Головин подумал немного и озарился идеей. Нет, не зря он, генерал Головин, ел свой хлеб. Не зря кружил вальсы с этим фон Гетцем. Не зря вытаскивал его из лагеря.
– Александр Михайлович, у меня есть такой человек.
– Какой человек?
– Который положит нужные документы на стол Гитлеру.
– Вы что, Филипп Ильич, имеете близкие связи в его окружении?
Головин улыбнулся:
– Было бы неплохо, если бы я имел такие связи. Еще лучше, если бы ко мне там прислушивались. Но как вы думаете, если бы к немцам в руки через надежный канал попали бы оперативные карты Курского выступа с нанесенными на них подлинными номерами частей и соединений, планы инженерных оборонительных мероприятий, то неужели немцы отмахнулись бы от таких документов?

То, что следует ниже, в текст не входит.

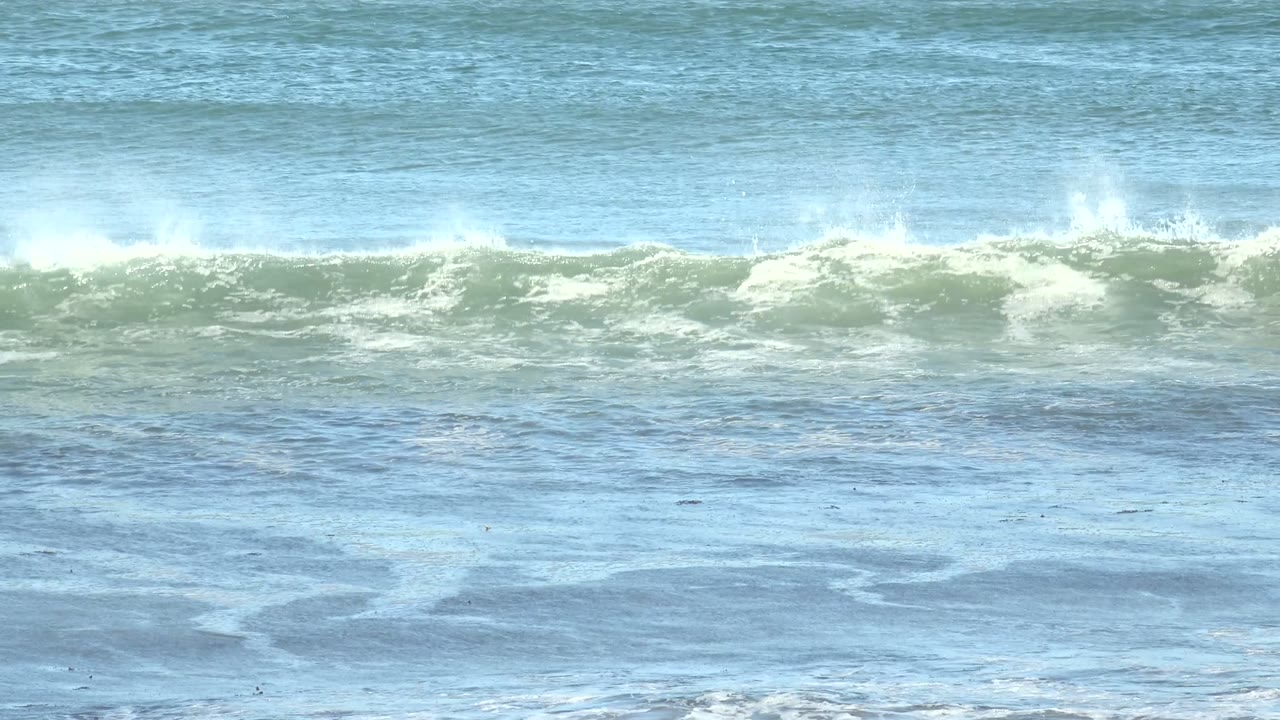 At La Bocana, Baja California Sur, white spray lifts from a long breaking wave near the top of the frame above calmer blue water below, with no visible people.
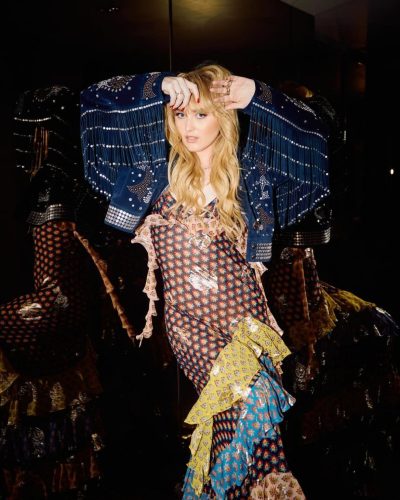 Kathryn Newton wearing bold floral gown with intricate details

– Продолжайте, – заинтересованно сказал Василевский.
– Я думаю, что они не отмахнулись бы от таких документов, особенно если на них стояли бы подписи – ваша и Верховного главнокомандующего. Попади к немцам такие документы, они встали бы перед необходимостью дать им оценку.
– Это верно. Но тогда встанет вопрос о надежности канала, по которому документы попали к немцам.

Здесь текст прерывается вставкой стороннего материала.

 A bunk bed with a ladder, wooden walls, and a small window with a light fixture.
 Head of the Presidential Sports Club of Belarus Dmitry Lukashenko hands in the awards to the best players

– Безусловно. Канал не должен вызывать никаких подозрений.
– И у вас есть такой канал?
– Думаю, что да.
– Поподробней, пожалуйста, – Василевский заинтересовался всерьез.
– Несколько недель назад я провел вербовочную беседу с неким фон Гетцем, оберст-лейтенантом люфтваффе, попавшим к нам в плен под Сталинградом. Он дал свое согласие на сотрудничество с нами.

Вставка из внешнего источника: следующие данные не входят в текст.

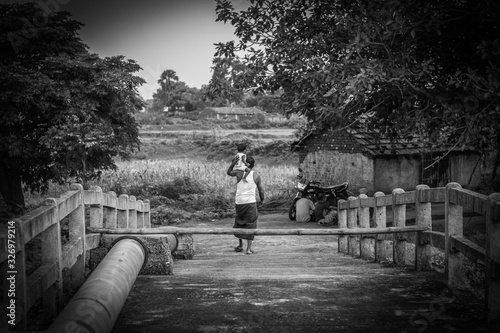 A father caring his son in his shoulder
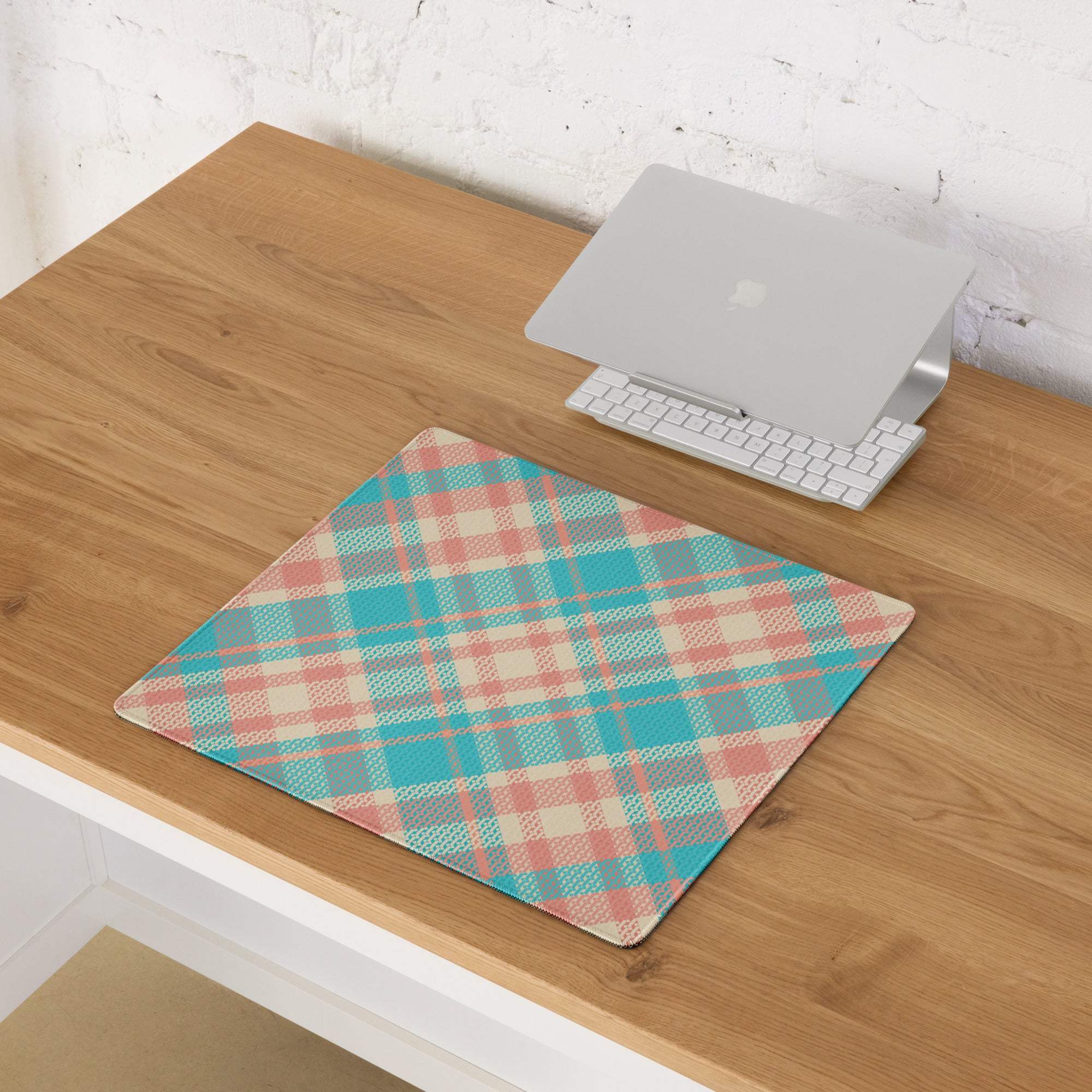 Vibrant teal peach plaid gaming mouse pad with non-slip base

– А зачем нам нужен оберст-лейтенант, скомпрометированный в глазах своего командования сотрудничеством с нами?
– Он дал свое согласие только на ведение курсов доподготовки нашего командного летного состава, а не на переход на нашу сторону. Он не скомпрометирован сотрудничеством со «Свободной Германией».
– Ну и?..
– В настоящее время он проживает под стражей на нашем аэродроме. То есть соприкасается с нашими пилотами и их самолетами. Если бы вы подготовили комплект документов, которые желательно было бы посмотреть Гитлеру, то я берусь создать оперативную ситуацию, при которой этот фон Гетц улетит на нашем самолете, предварительно похитив эти документы.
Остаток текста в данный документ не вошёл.